■ **PROBLEM TO WORK ON**: Each line from the one holding "I Talk to the" to the last line below must be restated word for word, and no picture may be included.

[Data records]

************

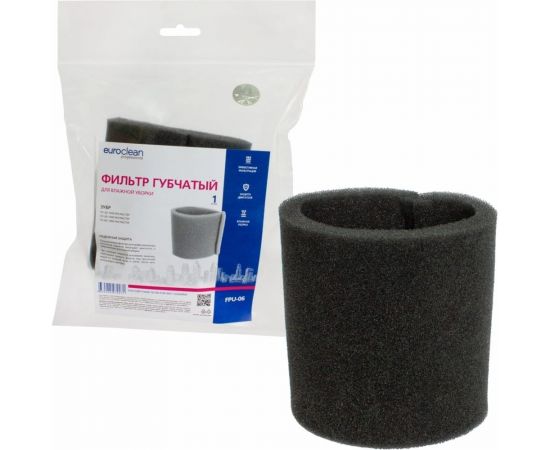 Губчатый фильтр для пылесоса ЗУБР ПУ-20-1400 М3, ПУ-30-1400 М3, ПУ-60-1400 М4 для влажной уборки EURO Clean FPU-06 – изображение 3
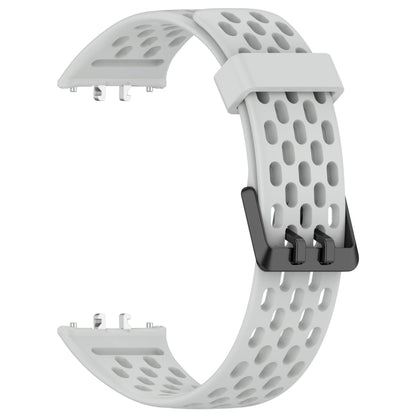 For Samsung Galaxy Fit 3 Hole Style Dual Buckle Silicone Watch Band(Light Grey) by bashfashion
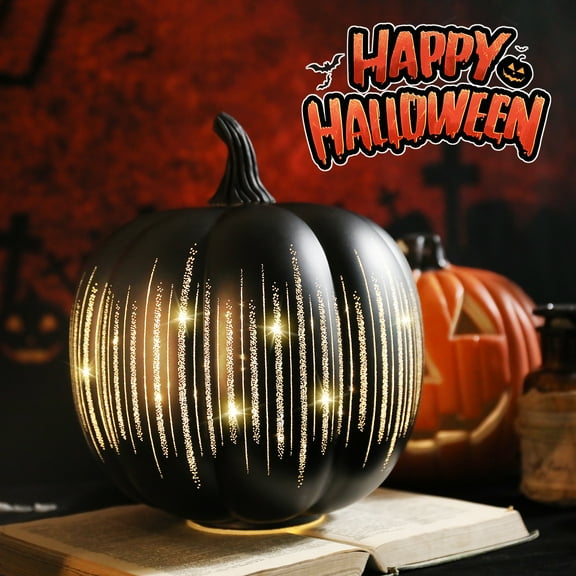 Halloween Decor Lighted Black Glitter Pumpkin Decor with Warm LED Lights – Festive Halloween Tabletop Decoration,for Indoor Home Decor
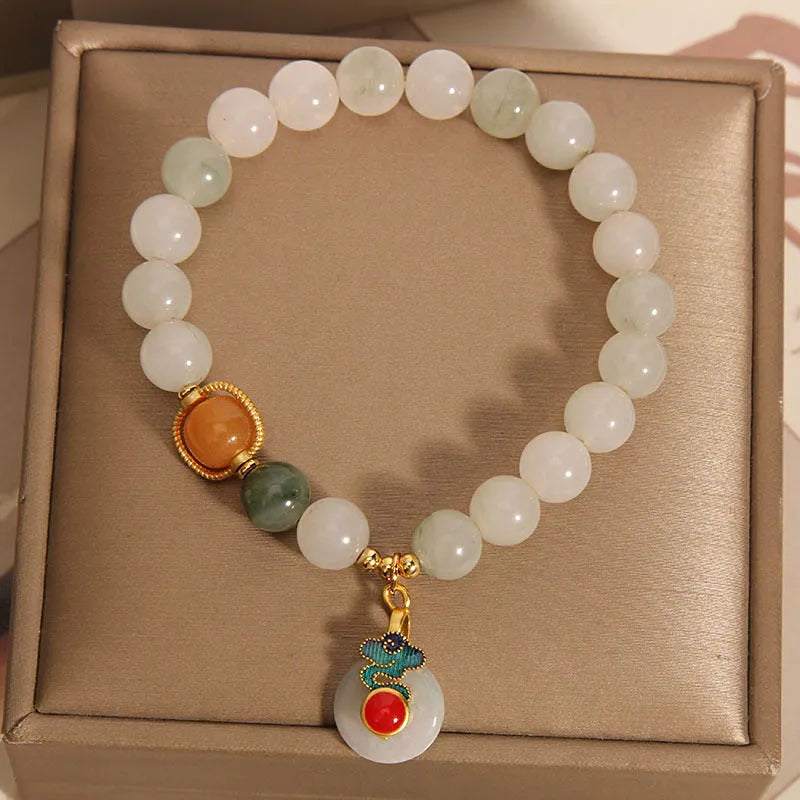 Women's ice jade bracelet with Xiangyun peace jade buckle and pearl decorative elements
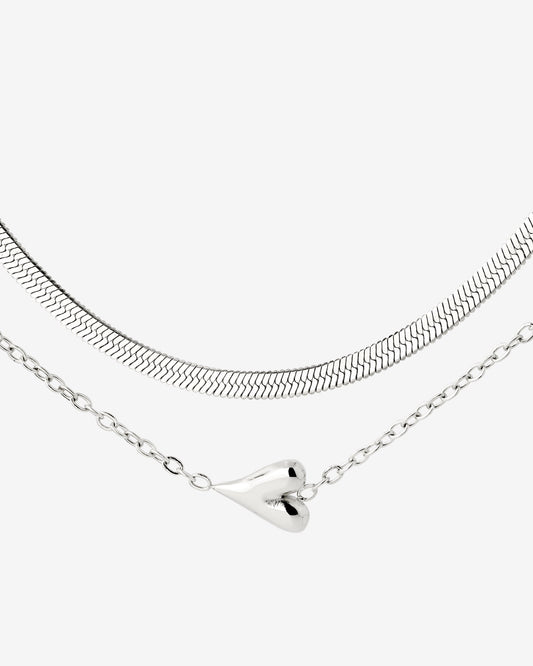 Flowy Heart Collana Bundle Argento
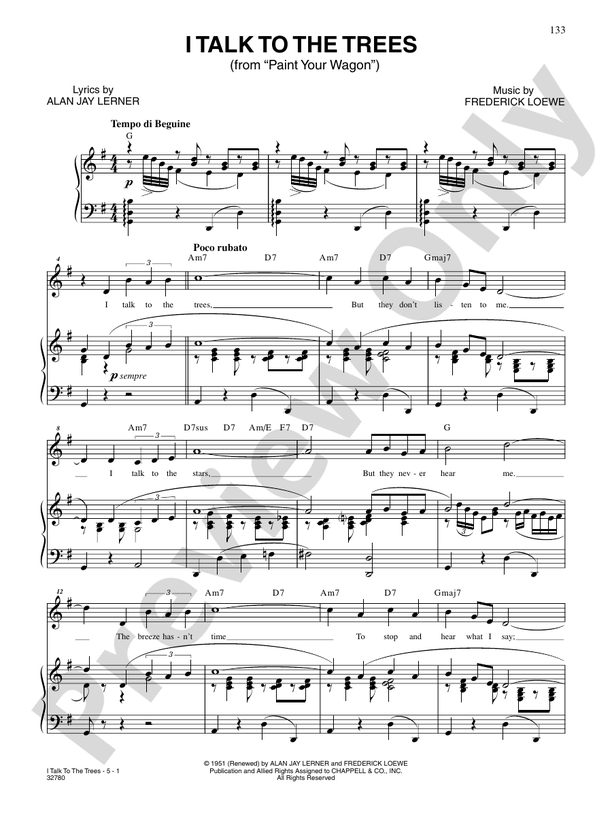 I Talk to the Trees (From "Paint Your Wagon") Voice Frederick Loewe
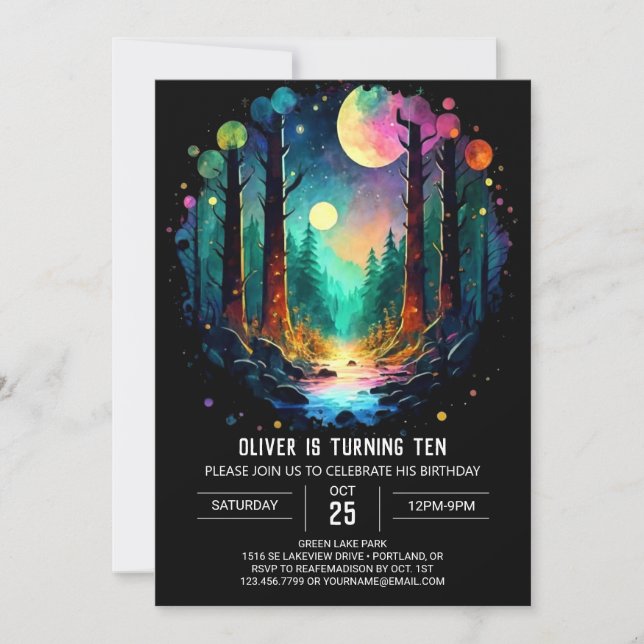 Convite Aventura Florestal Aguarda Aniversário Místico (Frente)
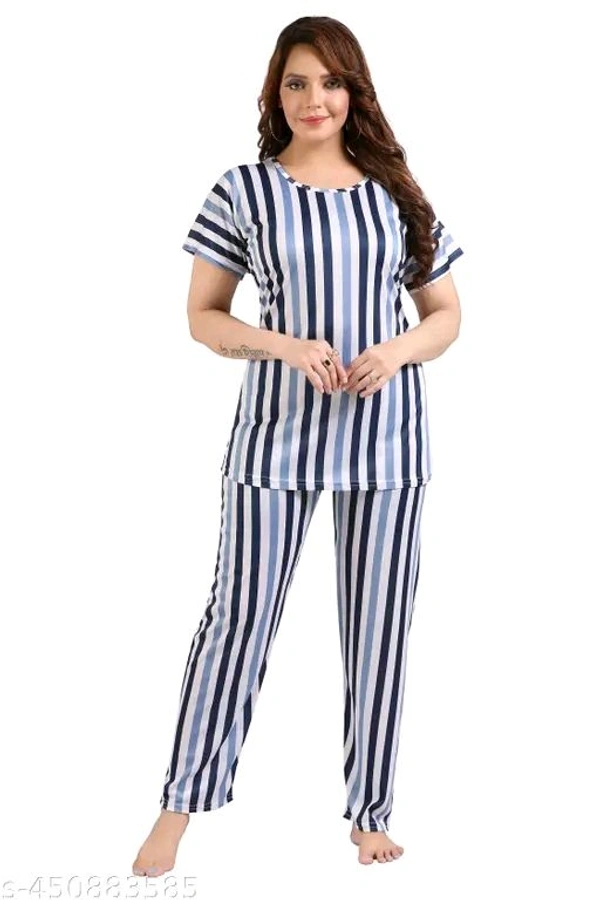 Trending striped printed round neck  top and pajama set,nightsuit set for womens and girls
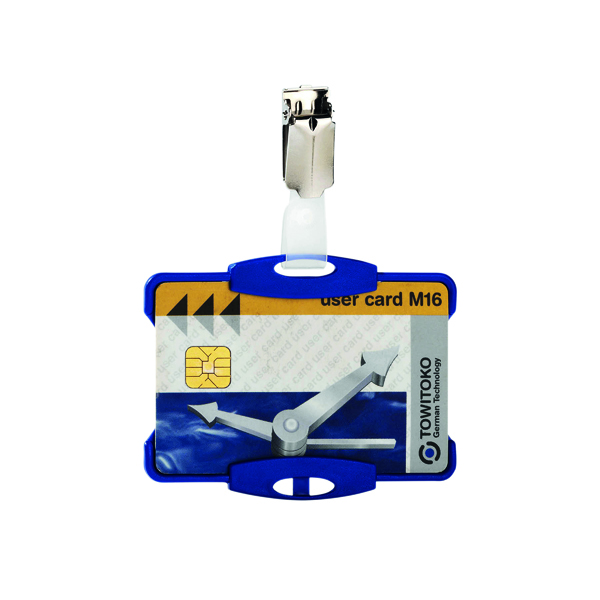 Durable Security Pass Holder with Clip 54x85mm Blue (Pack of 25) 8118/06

************

■ **RESULT OF THIS EXERCISE**:
 I Talk to the Trees (From "Paint Your Wagon") Voice Frederick Loewe
 Convite Aventura Florestal Aguarda Aniversário Místico (Frente)
 Trending striped printed round neck  top and pajama set,nightsuit set for womens and girls
 Durable Security Pass Holder with Clip 54x85mm Blue (Pack of 25) 8118/06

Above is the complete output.